Exploring is an interactive, worksite-based career education program of Learning for Life, an affiliate of the Boy Scouts of America. Participants in the program are called Explorers. The program serves youth in 6th-8th grades (Exploring clubs), and young men and women who are 14 through 20 years old (Exploring posts). Exploring units (clubs or posts), are sponsored by local businesses, government agencies, and nonprofit organizations, and usually focus on a single career field, but can also introduce youth to a variety of career fields within a single unit.

Prior to 1998, the Exploring program was the main BSA program for older youth and participants were called Explorer Scouts. The program included both career focused posts, and posts with an emphasis on outdoor activities. The outdoor posts became the BSA's Venturing program.

History
The Exploring program has a long history within the BSA. The program got its start in the 1930s as the "Senior Scout" program for boys 15 and older. The Senior Scout program included the Sea Scouts, Air Scouts, Explorer Scouts, Rover Scouts and a few others. Explorer Scouts focused on advanced camping and worked on advancement leading to the Ranger Award. Sea Scouts and Air Scouts were nautical and aviation focused programs, respectively.
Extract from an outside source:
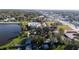 Aerial view showcases homes adjacent to tranquil lake, surrounded by trees, with business district nearby at 1235 19Th St, Orlando, FL 32805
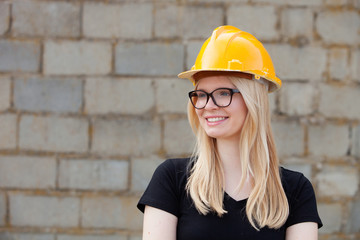 Young architect with yellow helmet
In 1949, the Senior Scout program became the Explorer Program. Sea Scouts became Sea Explorers, Air Scouts became Air Explorers, and Explorer Scouts became just Explorers. The Explorer program became less of an advanced outdoor program, and more a broader program for older youth. They got a new advancement program leading to the Silver Award. Also, the minimum age was lowered to 14.

In 1959, the Explorer Program became the Exploring program. Explorer advancement was dropped. In 1964, the Air Explorer program was eliminated, and the Sea Explorer program had changes made. The program was further changed to be more appealing to older youth, with career exploration becoming a bigger part of the program.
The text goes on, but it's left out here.